:: Input
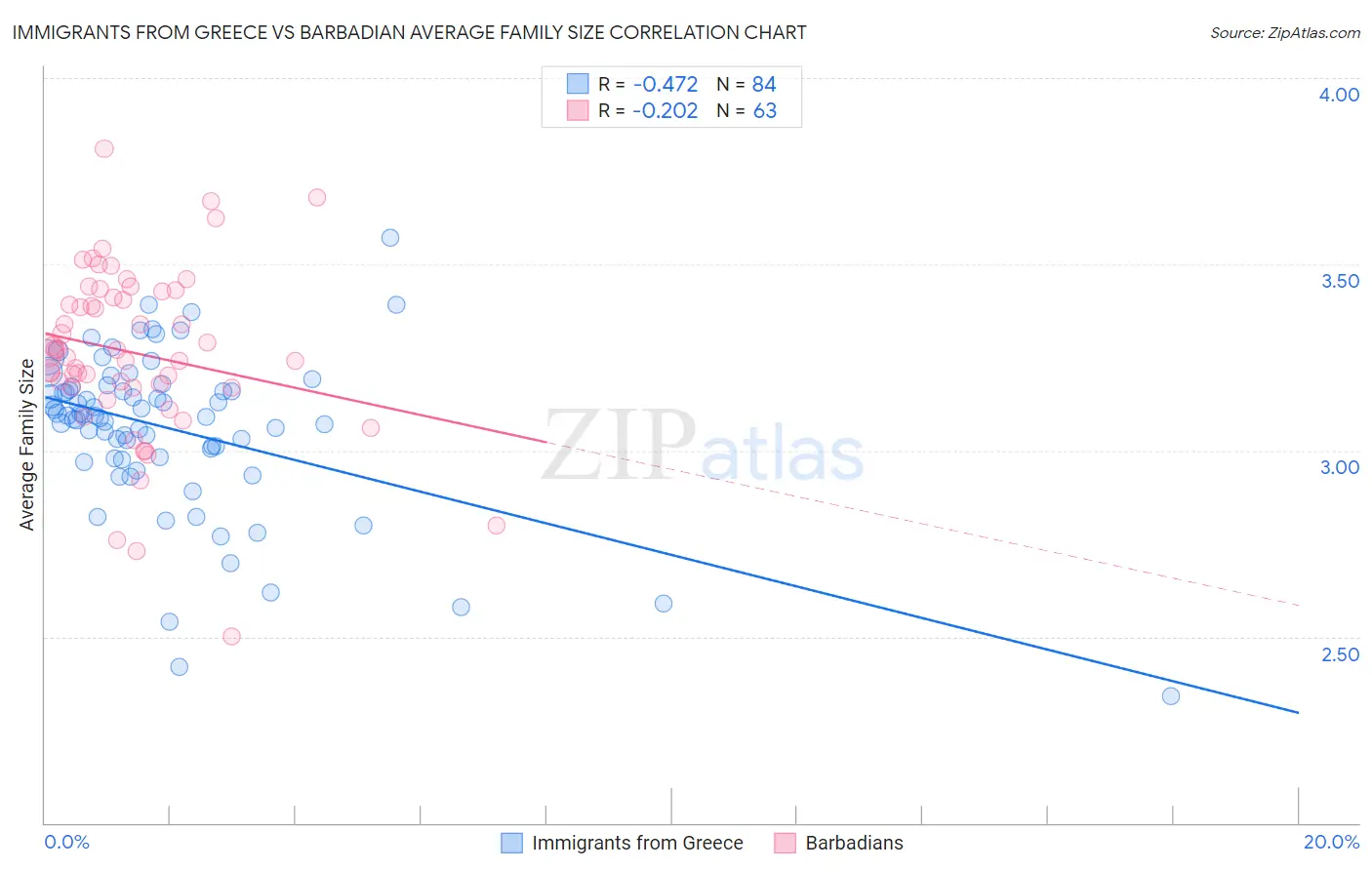 Immigrants from Greece vs Barbadian Average Family Size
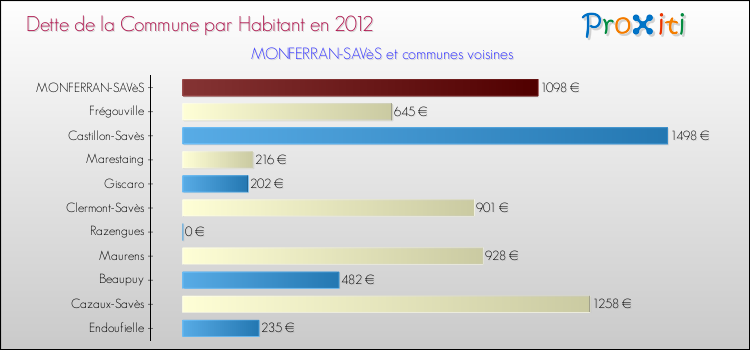 Dette par habitant de la commune en 2012 pour MONFERRAN-SAVèS et les communes proches Comparaison de la dette par habitant de la commune en 2012 pour MONFERRAN-SAVèS et les communes voisines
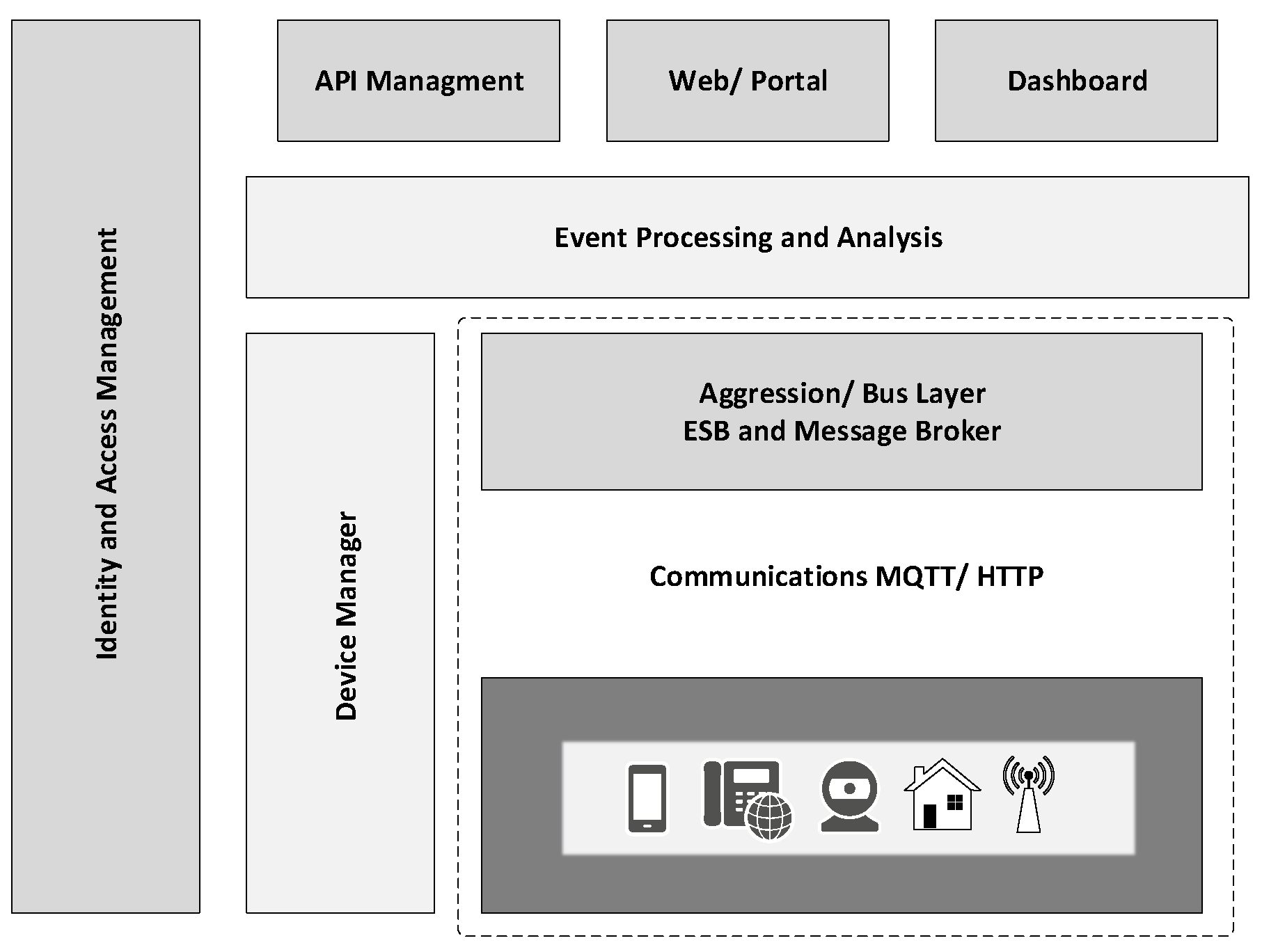 Electronics 09 01177 g005
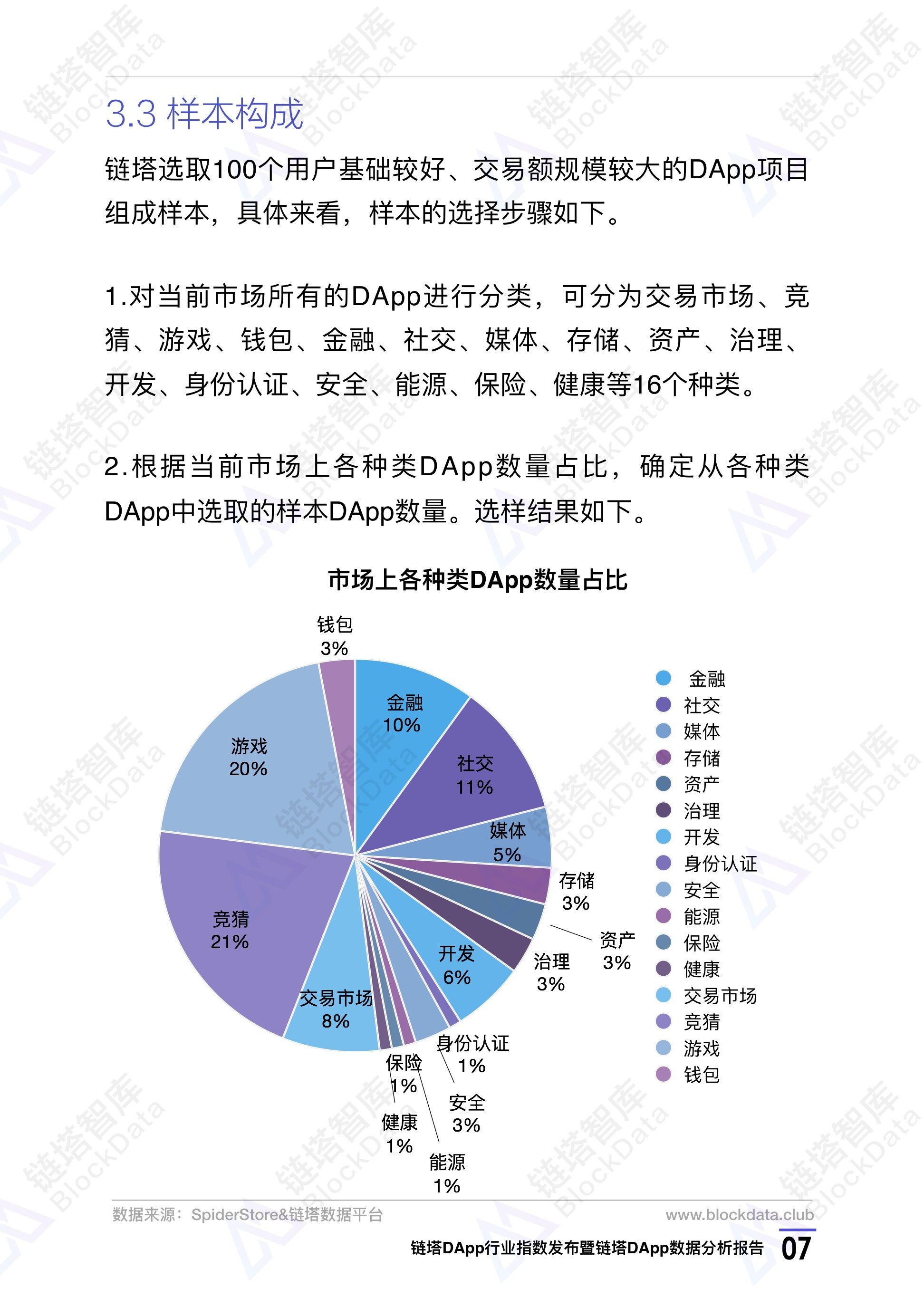 链塔DApp行业指数发布暨链塔DApp数据分析报告 | 链塔智库配图(10)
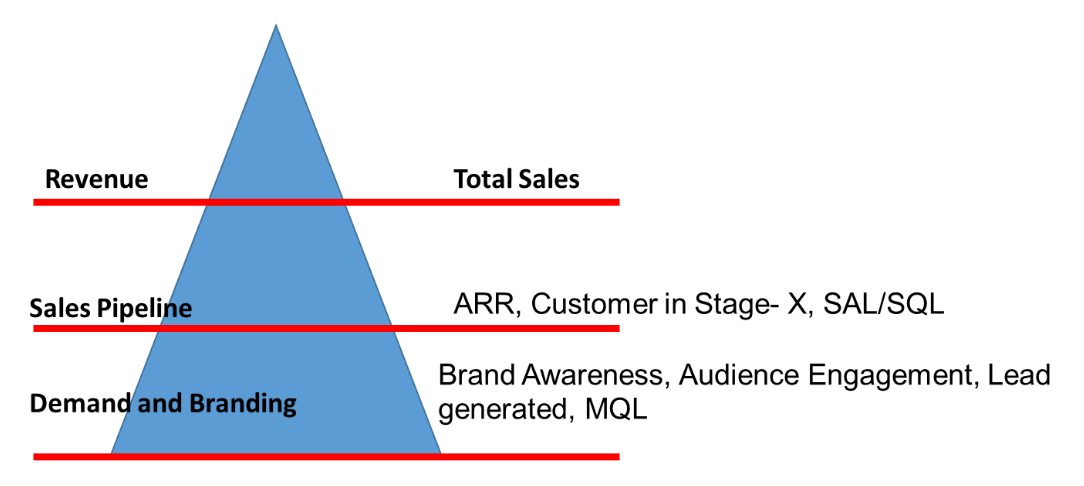 There are four business metrics are essential for marketers to understand the impact of their efforts on the sales pipeline: brand awareness, audience engagement, lead generation, and MQL.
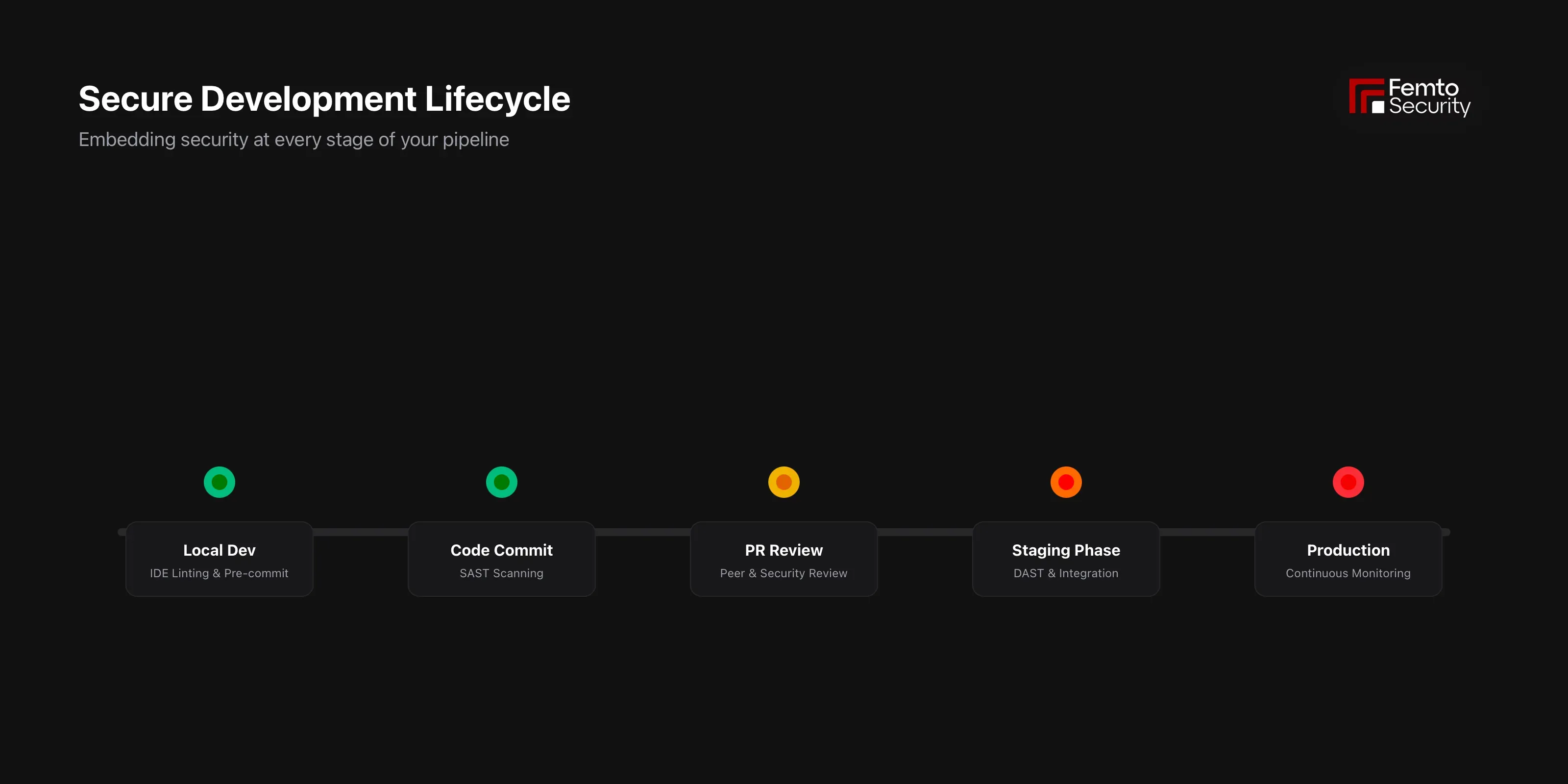 Developer workflow pipeline diagram from code commit through pre-commit hooks, PR review, CI/CD security gate, staging validation, to production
::::
Your assignment:
Copy the records exactly as they appear, excluding images.

Answer area:
 Immigrants from Greece vs Barbadian Average Family Size
 Dette par habitant de la commune en 2012 pour MONFERRAN-SAVèS et les communes proches Comparaison de la dette par habitant de la commune en 2012 pour MONFERRAN-SAVèS et les communes voisines
 Electronics 09 01177 g005
 链塔DApp行业指数发布暨链塔DApp数据分析报告 | 链塔智库配图(10)
 There are four business metrics are essential for marketers to understand the impact of their efforts on the sales pipeline: brand awareness, audience engagement, lead generation, and MQL.
 Developer workflow pipeline diagram from code commit through pre-commit hooks, PR review, CI/CD security gate, staging validation, to production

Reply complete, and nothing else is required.